The novel should have been slightly out of my comfort zone since it’s about time travel but I never had a strange or uncomfortable feeling about it. One of the reasons I did like it so much is probably because it had the feeling of a contemporary novel dealing with a mother/daughter relationship more then it was about time travel. It all felt quite natural and of course it helped that Faye, the person subjected to time travel, was quite skeptic about it herself. The process of travelling isn’t glossed over and it was never just accepted as if it were nothing out of the ordinary. The fact is that it really is a big deal and more painful then you think. There are a lot of questions to ask oneself about the safety but on the other hand, aren’t all the risks, the bruises and cuts along the way, worth it if you can see your dead mother again?

Faye lost her mother when she was 8. She doesn’t remember much about it or what her mother died of exactly. She ended up with the neighbours who she called Aunt Em and Uncle Henry and she had a great childhood but they didn’t talked much about her mother or what happened to her. Faye’s a mother herself now of two young daughters and she feels that hole in her heart is still there. She wants to know what happened and who her mother was.
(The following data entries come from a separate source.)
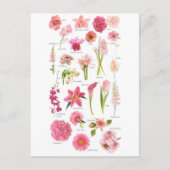 Postale Fleur Pink Briefkaart (Voorkant)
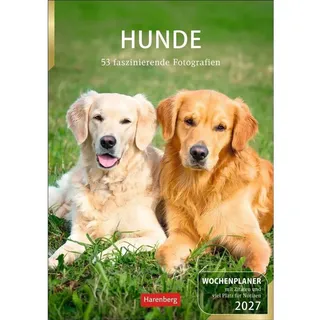 Harenberg Hunde Wochenplaner 2027 Weiß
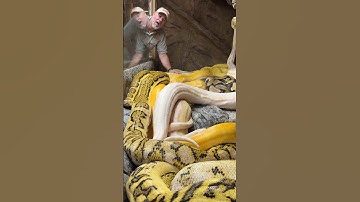 All of my Beautiful Reticulated Pythons🤩🥰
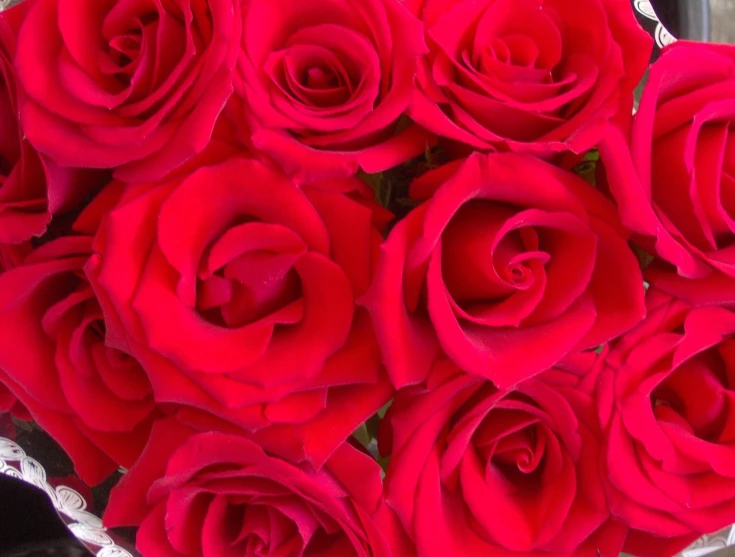 a bunch of red roses in a white vase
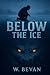 Below the Ice: A Modern Fan...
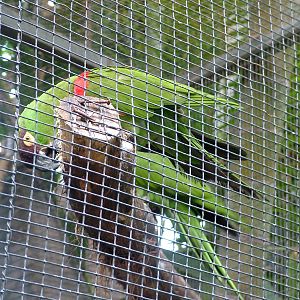 Maroon-fronted Parrot at Loro Parque, 08/11/10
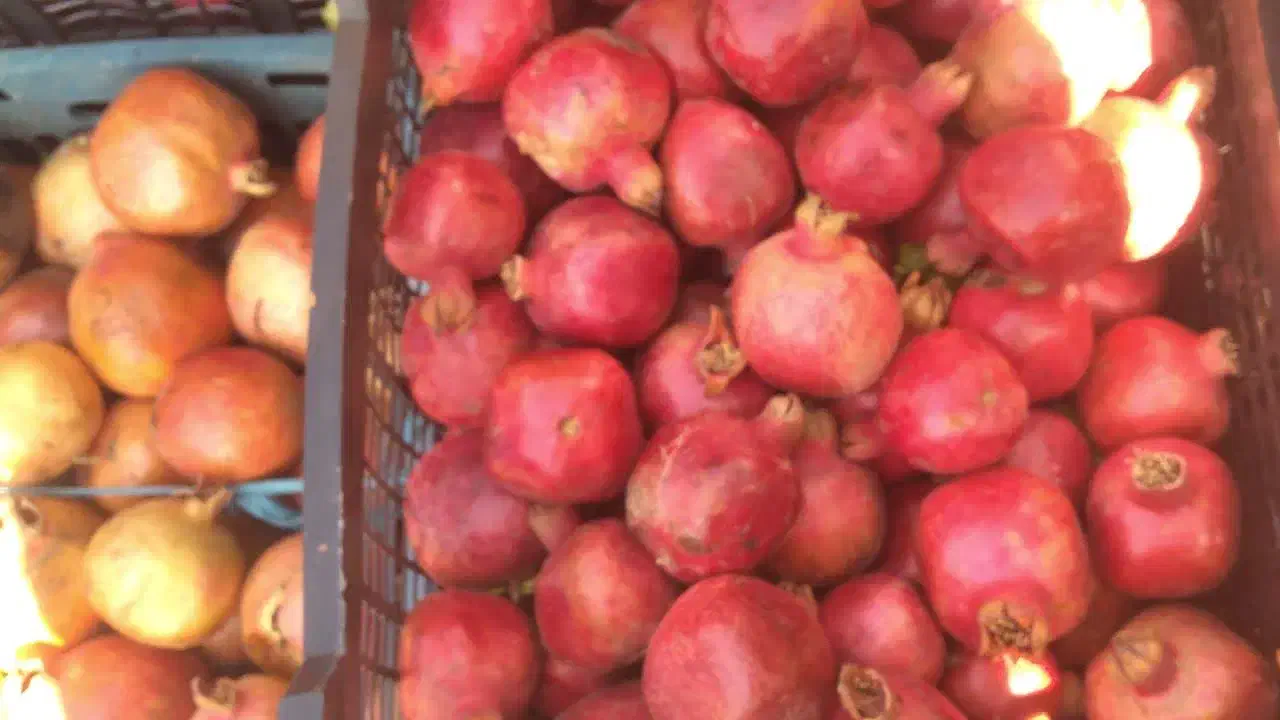 انار ابگیری|خوردنی و آشامیدنی|قم, آزادگان|دیوار
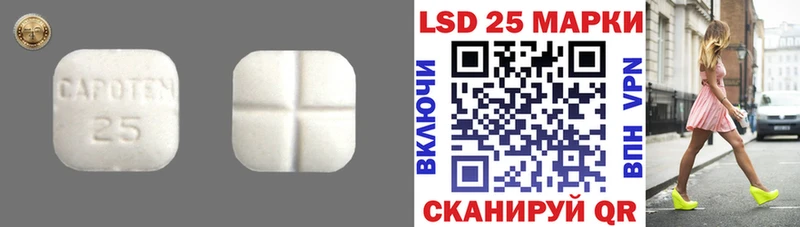 LSD-25 экстази кислота  гидра   Каргат 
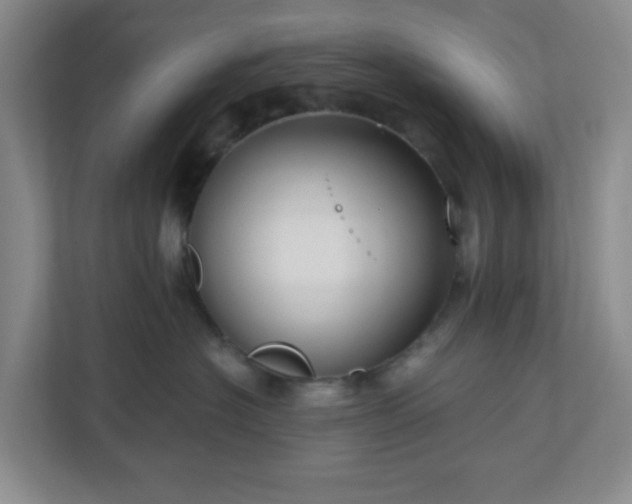 X0000111160574200907071131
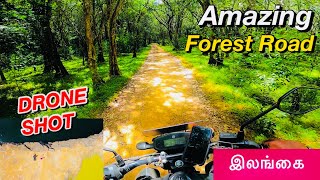 Vavuniya Tourist places 😮 | Wood Bridge | Sri Kannagai Amman Potkovil 🛕| #sltamilvlogs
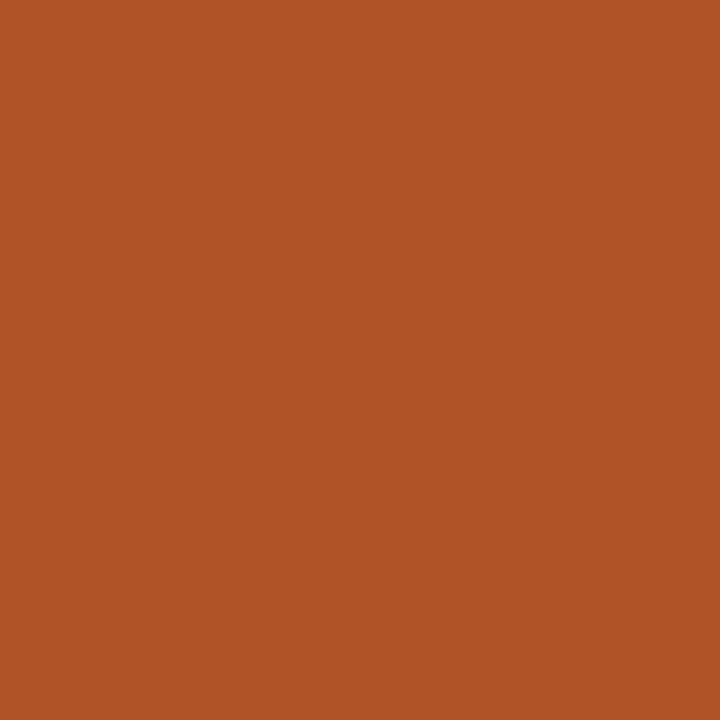Terracotta (O335) Winsor Pro Marker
Then a miracle happens, she finds an old space hopper box and reenacting an old picture of herself where she’s posing in the box, she suddenly falls through it and ends up in the year 1977. She only ever saw her mother through the eyes of a child so she grabs this opportunity to get to know her mother as an adult, without revealing she’s her daughter coming from the future. I loved that warm feeling of friendship between Faye and her mother Jeannie but I was in conflict sooner than Faye was… what if she didn’t get back to the present, or if she couldn’t let go of her mother, and what if she inadvertedly altered the past, would that change her life in the present?

Space Hopper was a delightful whimsical and warm novel but it doesn’t shy away exploring also bigger topics at times like having faith and living a life without fear for what is coming. I adored Faye’s blind friend Louis and his blindness brought a great perspective to the story. Albeit in a totally different context (he speaks of a very colourful emerald egg that he displays at his house) he says at one moment that you don’t need to see a thing to know it’s true.

The rollerskates that are displayed on the cover also are a wonderful reference in the story. In fact, I enjoyed many many different little scenes that played out. The ending of the novel was very touching, it wasn’t entirely unpredictable but it still gave me a sense of exhilaration (ok and a tiny bit of horror) to see how it played out in the end.

Finally, I loved the narration of this audiobook and Sophie Roberts is the best narrator I ever listened to so far, she really brings the story to life!

I received a free audiobook copy of this novel from the publisher Simon & Schuster via Netgalley. This is still my honest opinion.